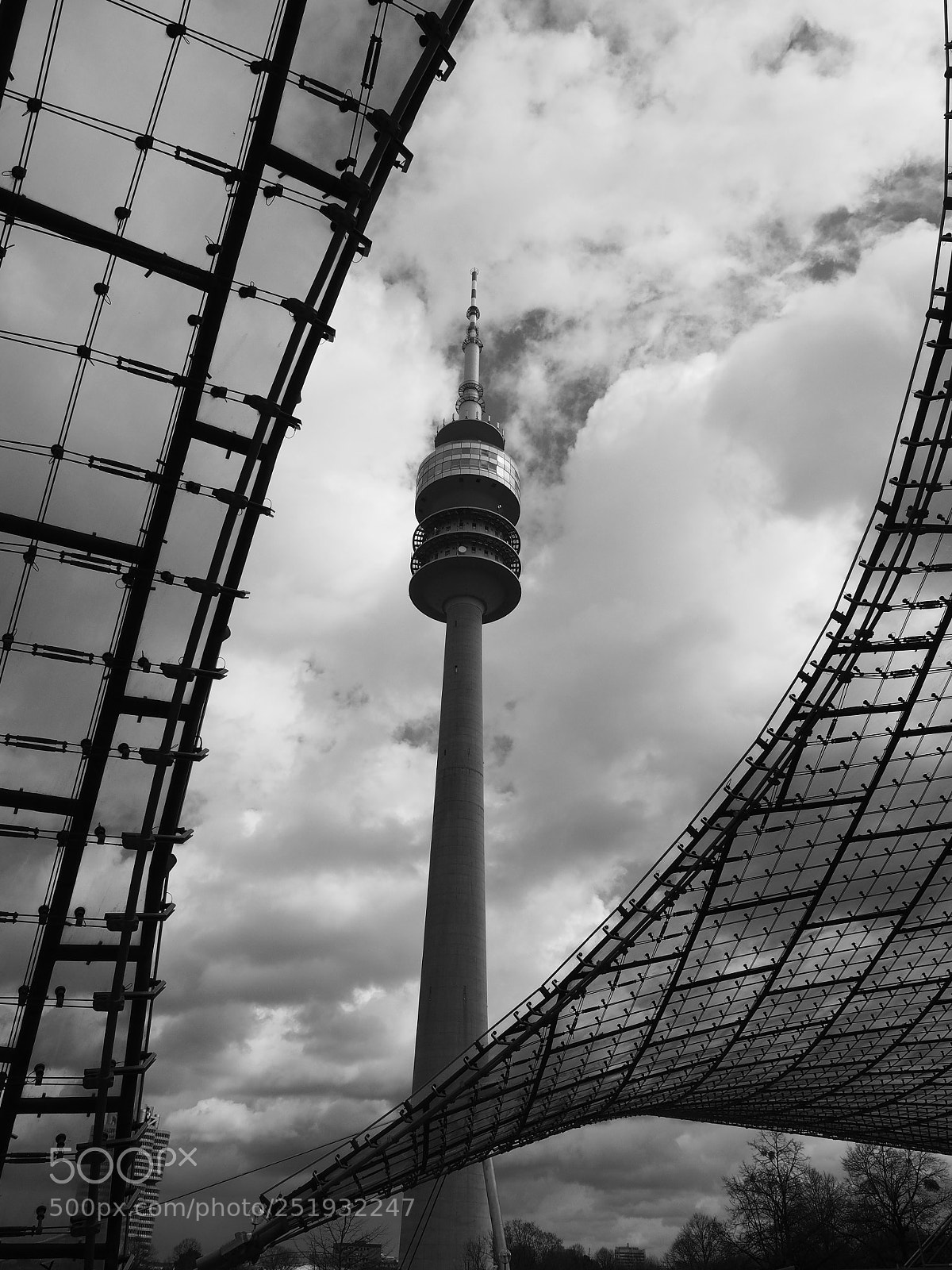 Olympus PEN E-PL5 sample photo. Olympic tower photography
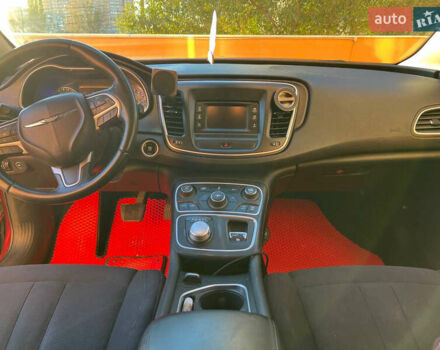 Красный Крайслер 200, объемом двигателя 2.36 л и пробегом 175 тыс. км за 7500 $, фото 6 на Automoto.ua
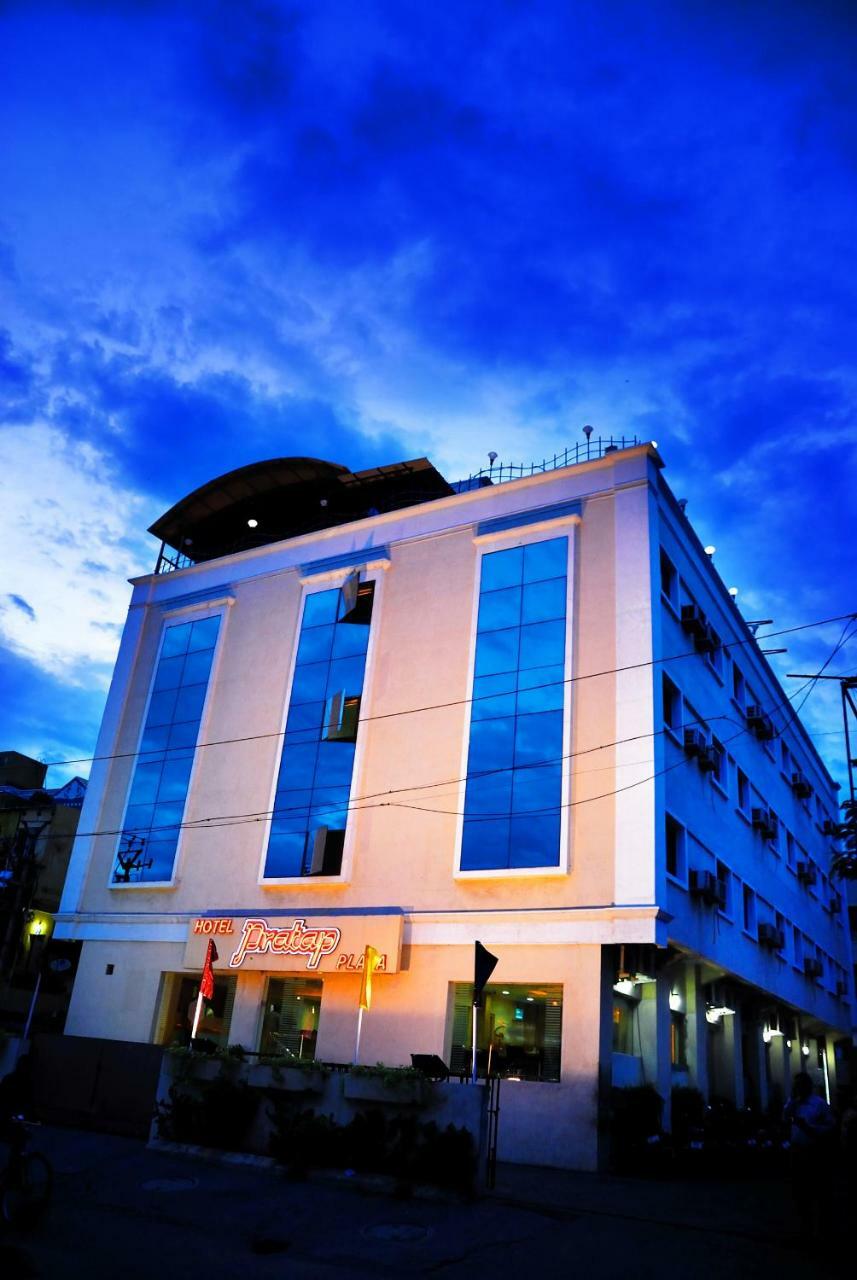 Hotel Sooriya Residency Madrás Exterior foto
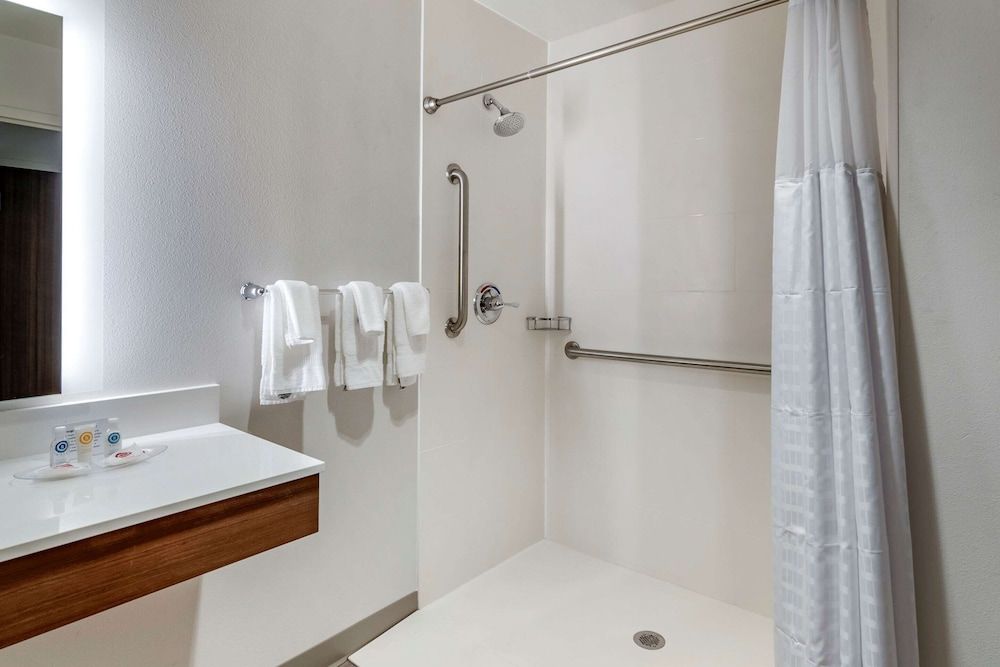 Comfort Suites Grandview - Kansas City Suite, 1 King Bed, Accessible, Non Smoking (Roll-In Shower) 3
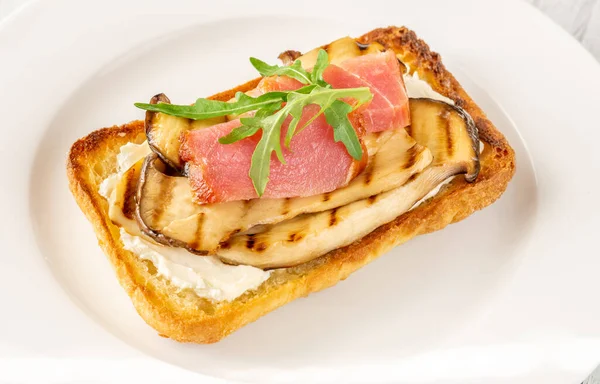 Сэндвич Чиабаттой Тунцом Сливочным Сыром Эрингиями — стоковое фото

======

* _WORK TASK_: Repeat all of the listing above word for word, and exclude the pictures.

* _RESPONSE AREA_:
 Olympus PEN E-PL5 sample photo. Olympic tower photography
 Красный Крайслер 200, объемом двигателя 2.36 л и пробегом 175 тыс. км за 7500 $, фото 6 на Automoto.ua
 Hotel Sooriya Residency Madrás Exterior foto
 Comfort Suites Grandview - Kansas City Suite, 1 King Bed, Accessible, Non Smoking (Roll-In Shower) 3
 Сэндвич Чиабаттой Тунцом Сливочным Сыром Эрингиями — стоковое фото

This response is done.